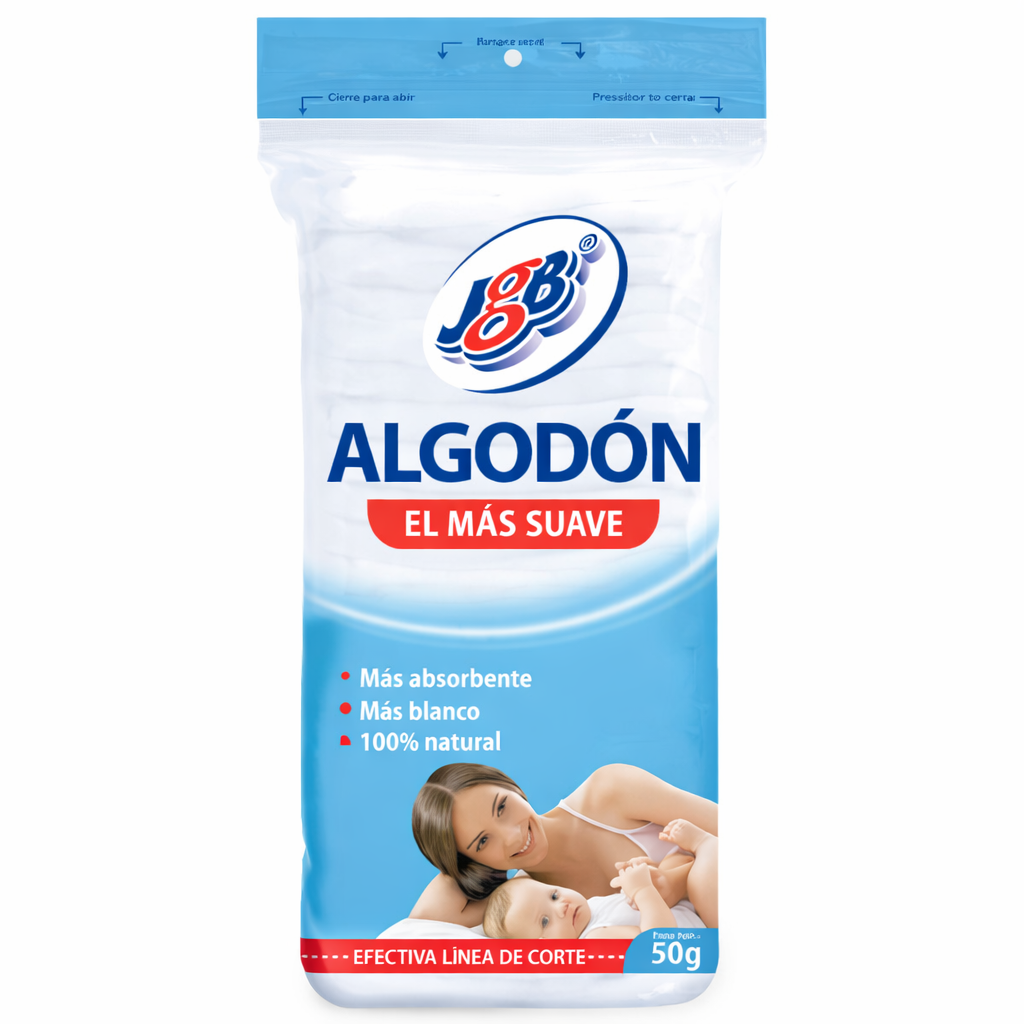 Algodón Purificado JGB Zig-Zag de 50 g, 100% algodón natural, presentado en bolsa de polietileno, ideal para aplicaciones médicas y de cuidado personal.
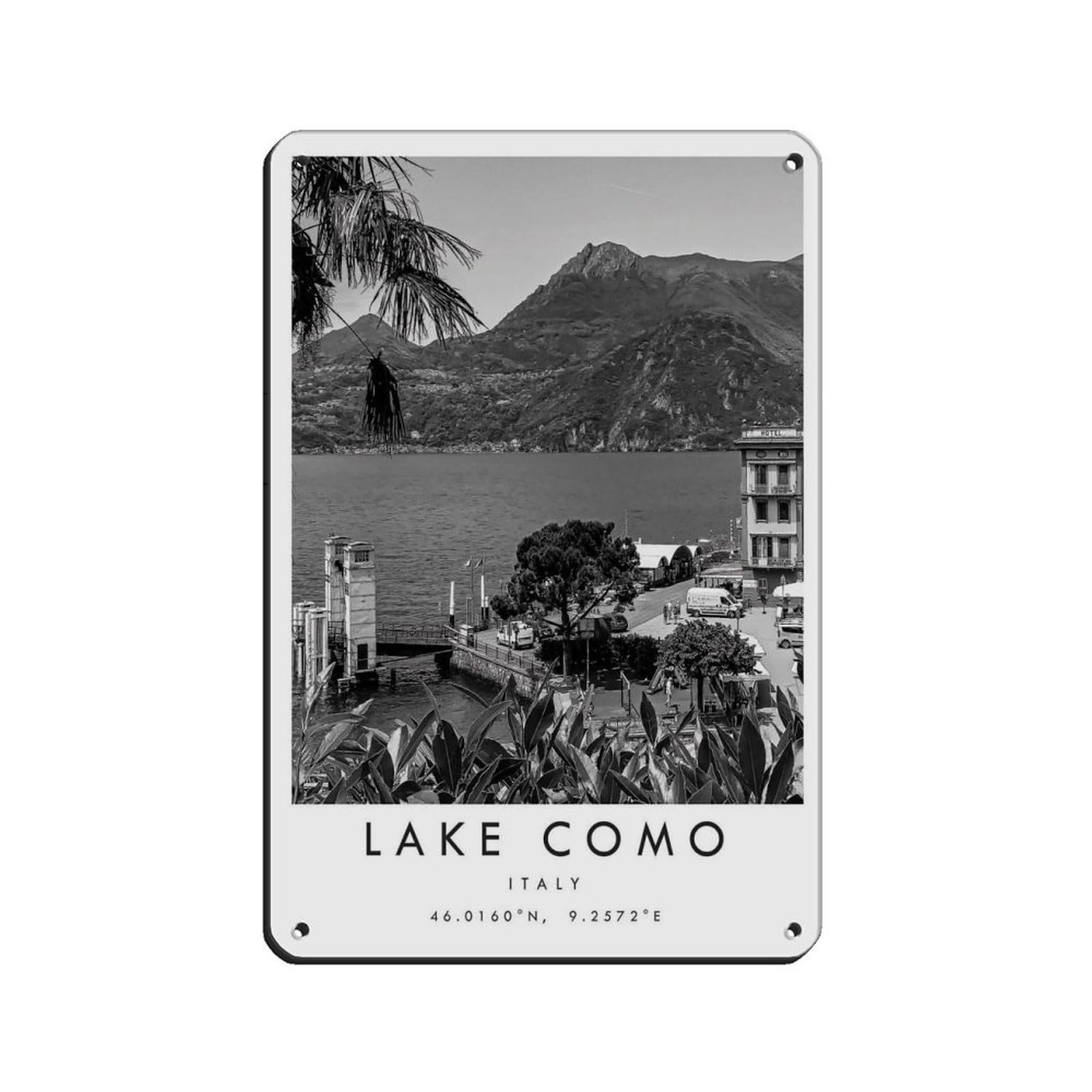 Lake Como Travel (3) Tin Sign Vintage Metal Pub Club Cafe Bar Home Wall Art Decoration Poster Retro 8x12inch(20x30cm)
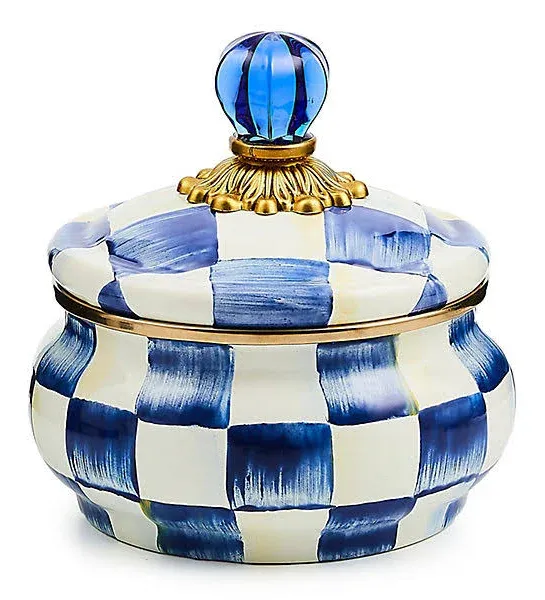 MACKENZIE-CHILDS Enamel Squashed Pot, Cute Enameled Container with Lid, 20 Ounces, Blue-and-White Royal Check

____

ASSIGNMENT: All of the material should be written out again exactly, apart from the pictures.

ANSWER SPACE:
 Algodón Purificado JGB Zig-Zag de 50 g, 100% algodón natural, presentado en bolsa de polietileno, ideal para aplicaciones médicas y de cuidado personal.
 Lake Como Travel (3) Tin Sign Vintage Metal Pub Club Cafe Bar Home Wall Art Decoration Poster Retro 8x12inch(20x30cm)
 MACKENZIE-CHILDS Enamel Squashed Pot, Cute Enameled Container with Lid, 20 Ounces, Blue-and-White Royal Check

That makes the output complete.